Exercise
Go to the line with "Consolidated Outland Mustang" in the records below, then output it and each following line exactly, up to and including the line with "Fabhotel Madhuban Inn". Skip pictures and add nothing.

Segment Start: Data shown

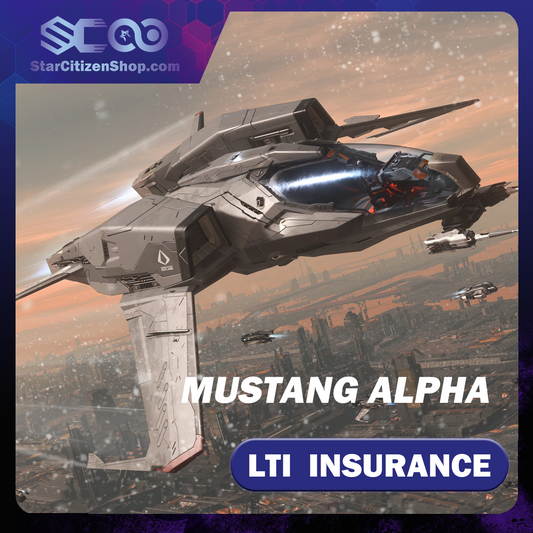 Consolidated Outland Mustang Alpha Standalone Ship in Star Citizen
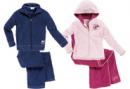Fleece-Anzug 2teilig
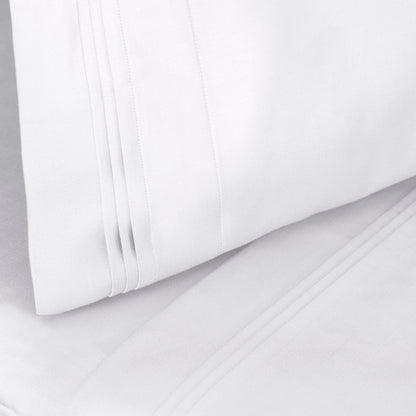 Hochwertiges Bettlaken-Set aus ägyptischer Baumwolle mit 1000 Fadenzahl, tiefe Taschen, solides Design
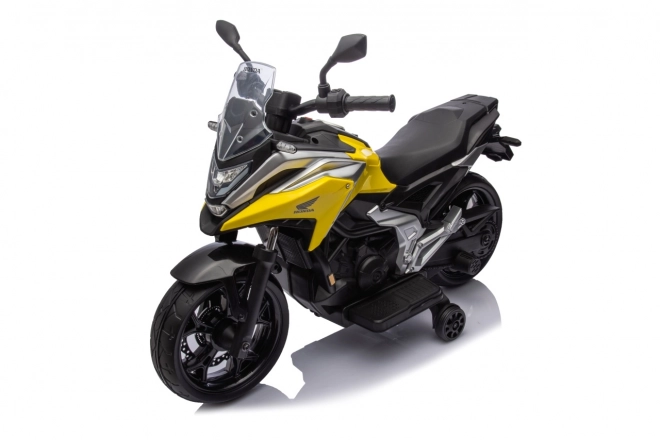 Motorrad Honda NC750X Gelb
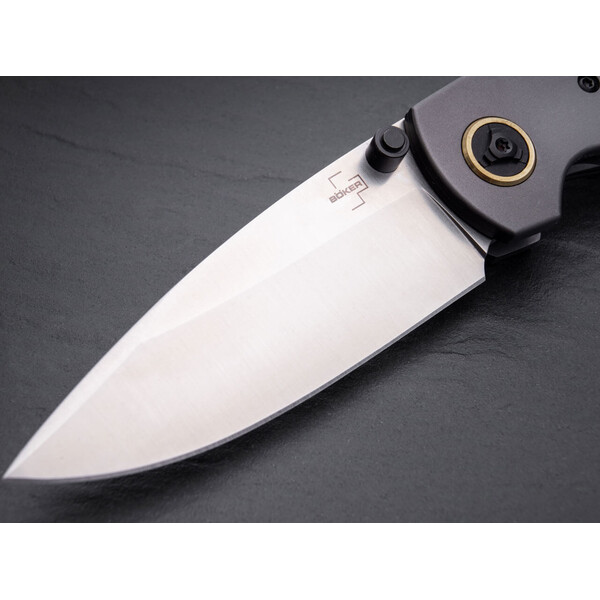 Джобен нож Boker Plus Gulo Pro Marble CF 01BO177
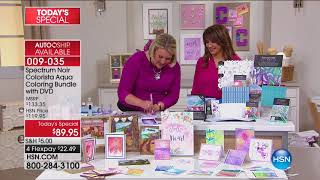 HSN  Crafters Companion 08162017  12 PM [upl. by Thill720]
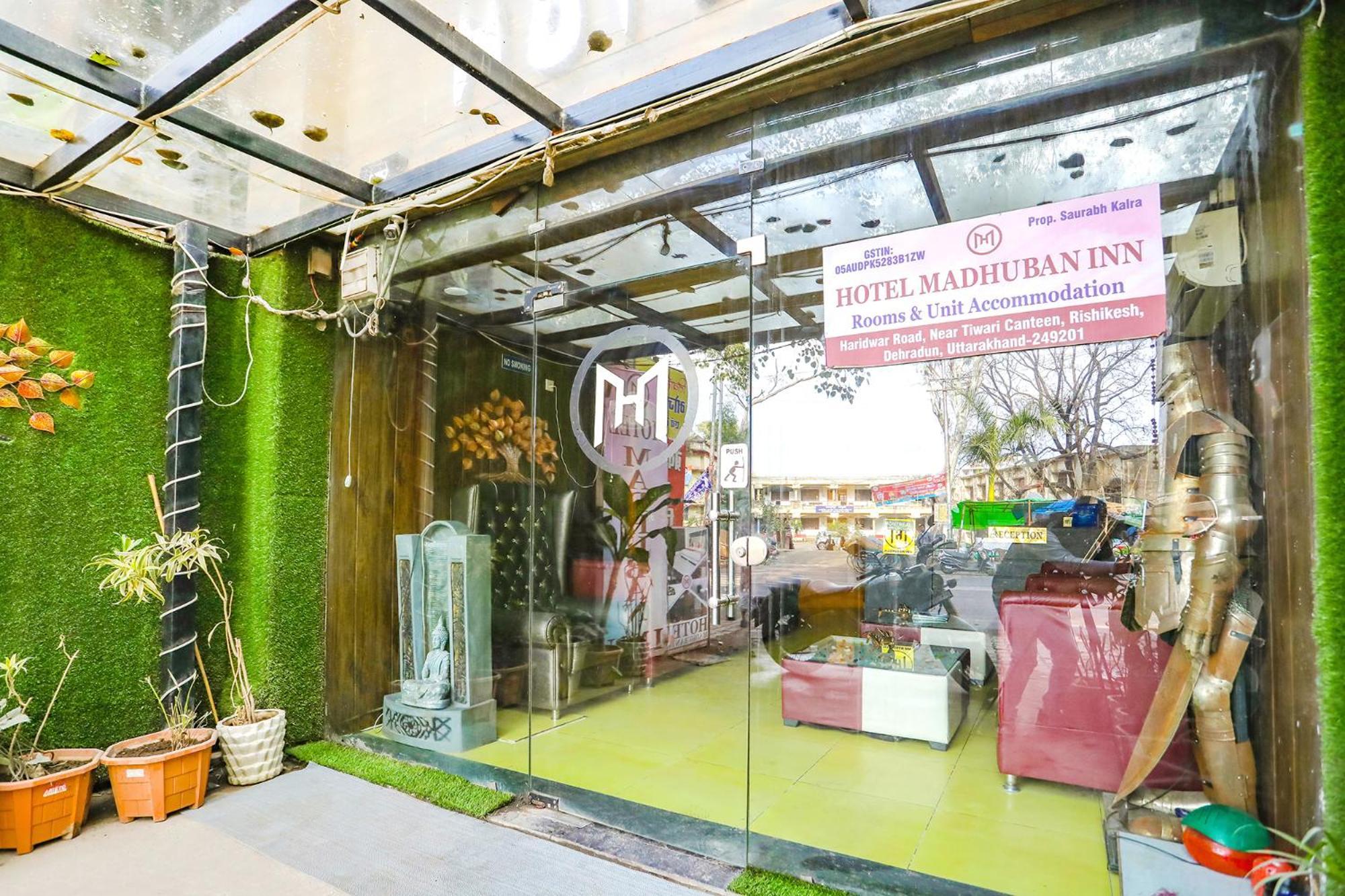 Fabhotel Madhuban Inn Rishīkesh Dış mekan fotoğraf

Segment End: Data shown
Segment Start: Data shown

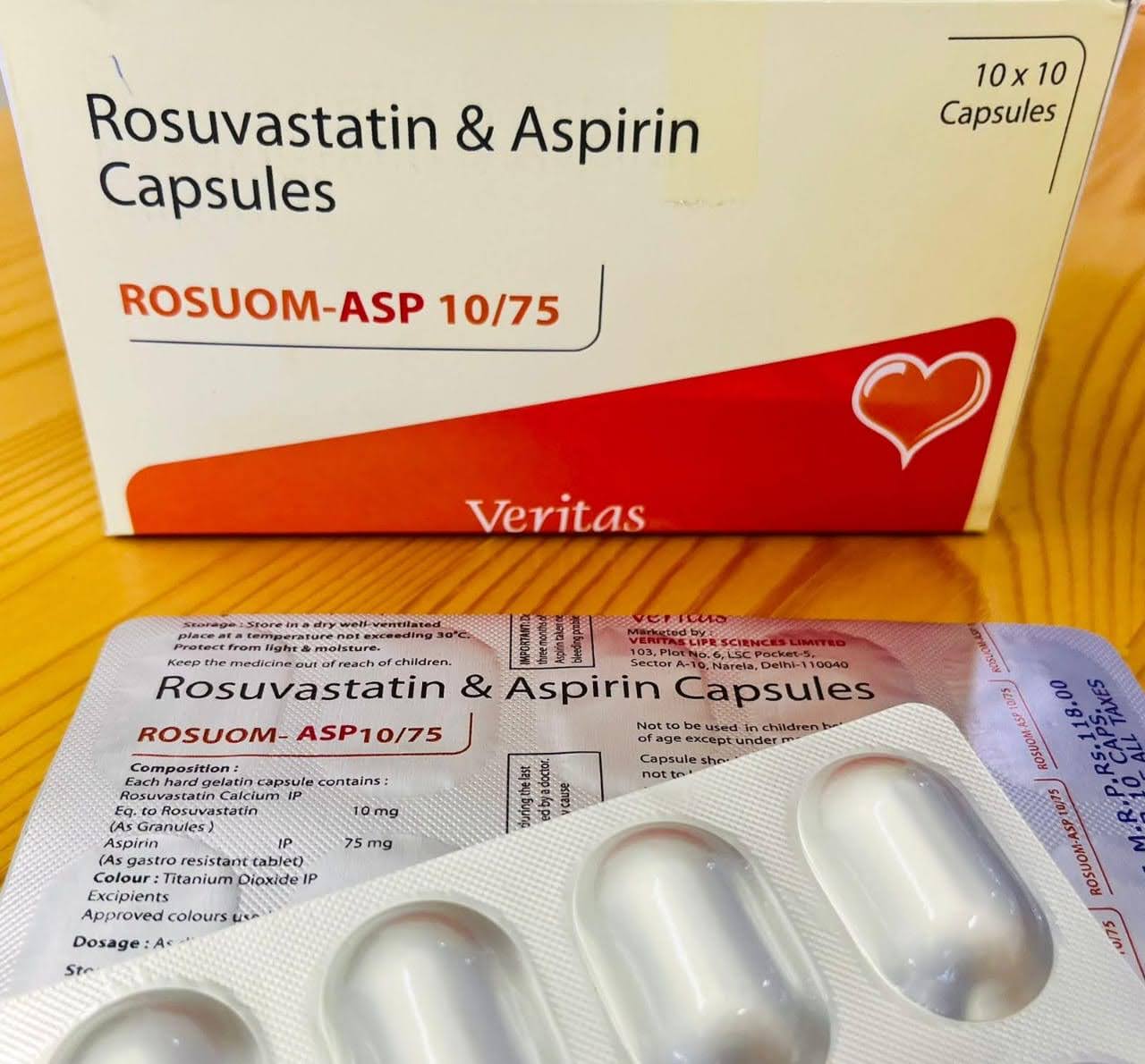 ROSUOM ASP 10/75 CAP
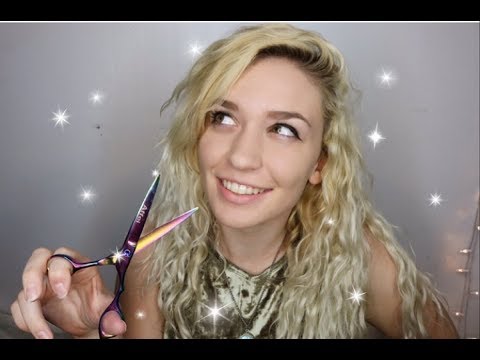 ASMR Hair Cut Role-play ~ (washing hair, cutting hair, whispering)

Segment End: Data shown

Answer section
 Consolidated Outland Mustang Alpha Standalone Ship in Star Citizen
Fleece-Anzug 2teilig
 Hochwertiges Bettlaken-Set aus ägyptischer Baumwolle mit 1000 Fadenzahl, tiefe Taschen, solides Design
 Motorrad Honda NC750X Gelb
 Джобен нож Boker Plus Gulo Pro Marble CF 01BO177
 HSN  Crafters Companion 08162017  12 PM [upl. by Thill720]
 Fabhotel Madhuban Inn Rishīkesh Dış mekan fotoğraf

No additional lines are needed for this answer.